A groundbreaking study that used wild moss to estimate human exposure to air pollution has revealed, for the first time, that airborne metals caused by human activities such as transport and industry, and not those naturally occurring in the atmosphere, increase the risk of death for humans.
Although it is well-established that airborne particulate matter kills, it is still not known which specific particles are responsible for a higher risk of mortality – whether that be particles that are considered natural in the atmosphere or those that result from human activity.
For the study, which was published in the journal Environment International, researchers from the Barcelona Institute for Global Health (ISGlobal) analysed moss samples from all over France to measure the presence of 13 elements: aluminium, arsenic, calcium, cadmium, chromium, copper, iron, mercury, sodium, nickel, lead, vanadium and zinc.
The metals were then classified into two groups – those considered natural and from human activity.
They then mapped the exposure of 11,000 people living in rural France to the metals under study. The people are part of the Gazel cohort, who have been followed by scientists for various studies since the 1990s.
Bndicte Jacquemin, ISGlobal and INSERM researcher and last author of the study said: ‘There have been very few studies on the health effects of airborne metal pollutants, partly because of technical limitations, such as the lack of stations measuring air pollution.
‘We thought that moss, because of its capacity to retain these metals, would be a useful tool for estimating the atmospheric metal exposure of people living in rural areas.’
The metals deemed to be of human activity origin were cadmium, copper, mercury, lead and zinc. While all of these metals are naturally present in the earth’s crust, their presence in the atmosphere is due to human activities, such as industry, transport and heating.

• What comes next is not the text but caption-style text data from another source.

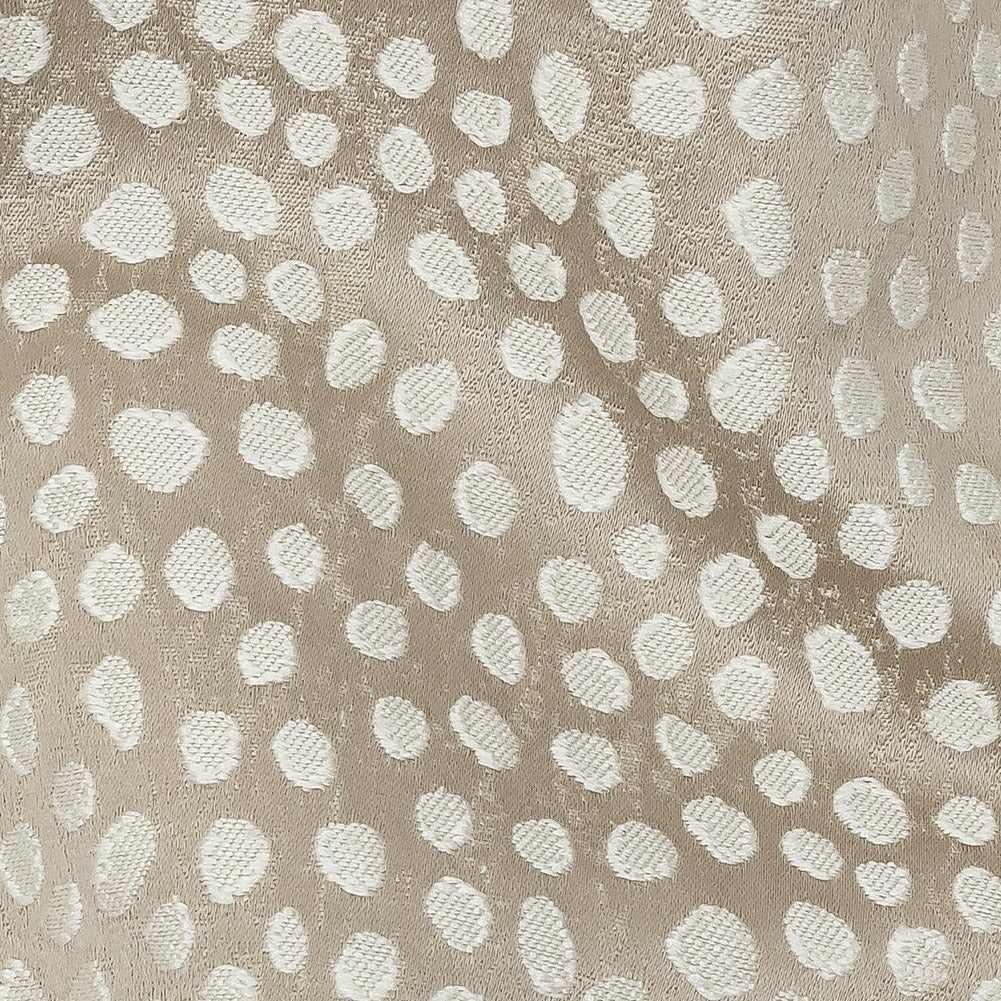 Polyester Jacquard - Taupe Spots - British Imported - Joann Fabrics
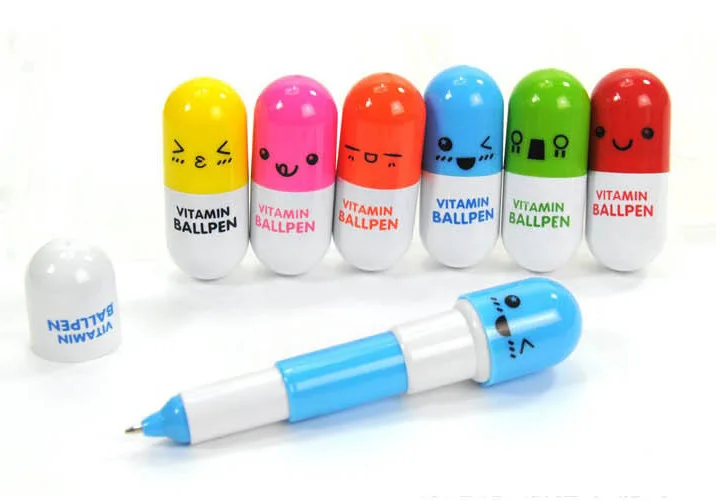 Новейшая Капсульная ручка с креативным дизайном креативные милые канцелярские принадлежности с выражением/Капсульная ручка/шариковая ручка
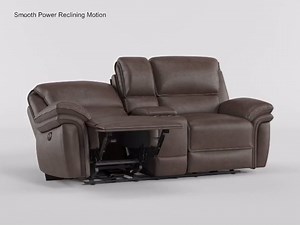 Amazon.com: Lexicon Power Double Reclining Loveseat with Center Console, Polished Microfiber Wall Hugger Loveseat Recliner for Living Room, Cup Holders, Charging Port, Pillow Top Arms, Sand : Home & Kitchen
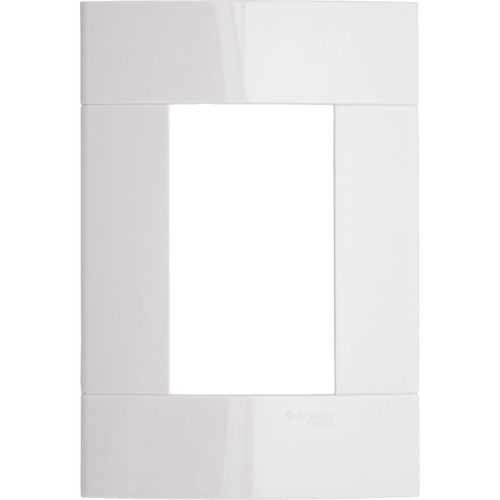 Placa 2x4 Para 3 Módulos Decor – Schneider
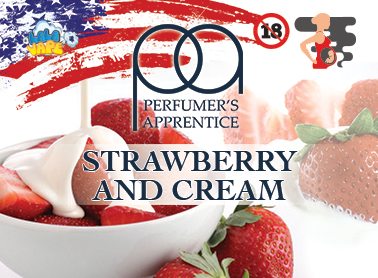 TPA Strawberry And Cream ароматизатор (Полуниця і вершки)
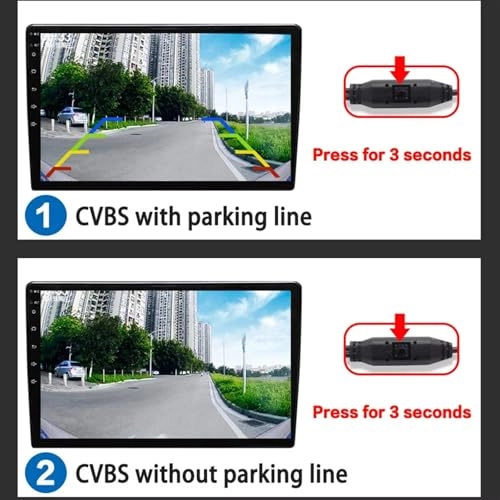 Rear View Camera - Night Vision 4PIN 480P 1080P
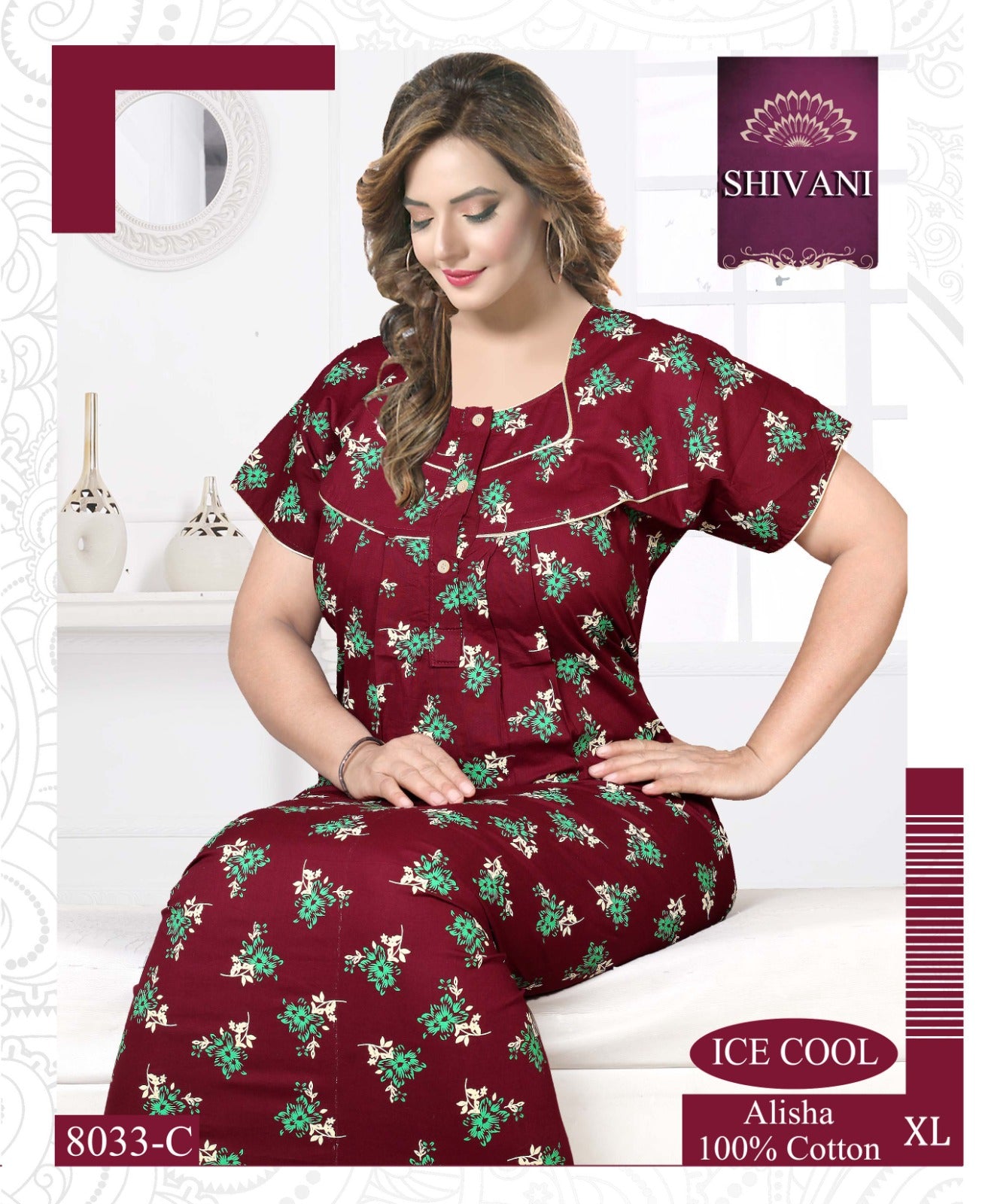 Alisha Shivani Cotton Night Gowns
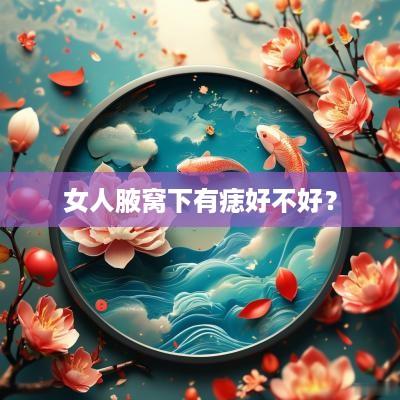 女人腋窝下有痣好不好？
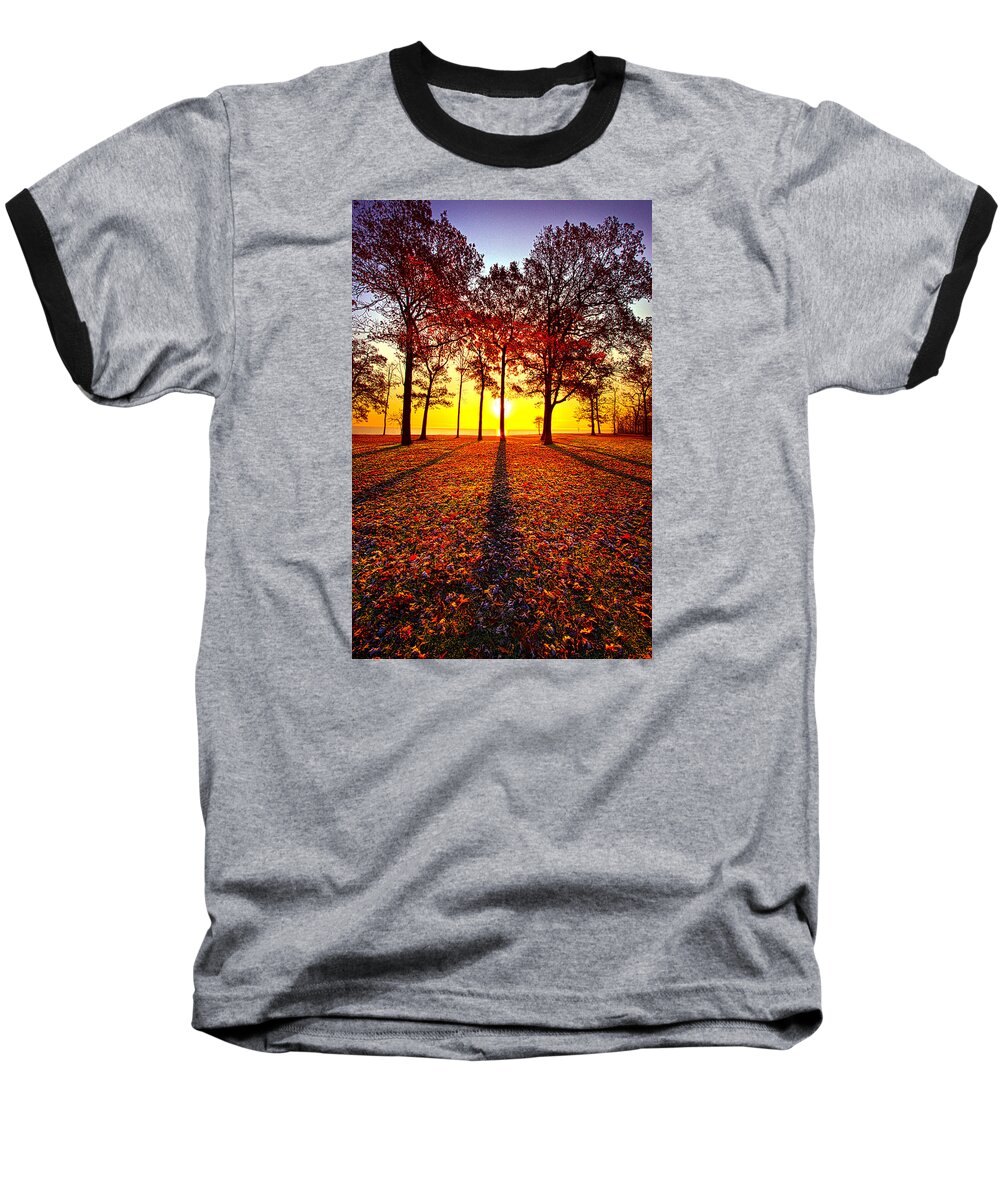 Autumn Baseball T-Shirt featuring the photograph Where You Have Been Is Part Of Your Story by Phil Koch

Between 1996 and 2017, there were 1313 deaths in the cohort, including 181 cardiovascular and 33 respiratory. Researchers believe that exposure to the metals caused by human activity was associated with an increased risk of natural-cause mortality death, while metals from natural sources were not.
‘There have been very few studies on the health effects of airborne metal pollutants, partly because of technical limitations, such as the lack of stations measuring air pollution. We thought that moss, because of its capacity to retain these metals, would be a useful tool for estimating the atmospheric metal exposure of people living in rural areas,’ added Bndicte Jacquemin.
‘Our results indicate that the metals present in the airborne particulate matter could be a key component in the effects of air pollution on mortality.
‘It is important to bear in mind that the people we included in this study live in rural areas far from major urban and industrial centres and road networks. This means that they are very likely to be exposed to lower levels of air pollution than people living in urban environments, which gives us an idea of the seriousness of the health effects of air pollution, even at relatively low levels of exposure.
‘These findings support our hypothesis that moss bio-monitoring can be a good complementary technique for identifying the toxic components in suspended particulate matter.’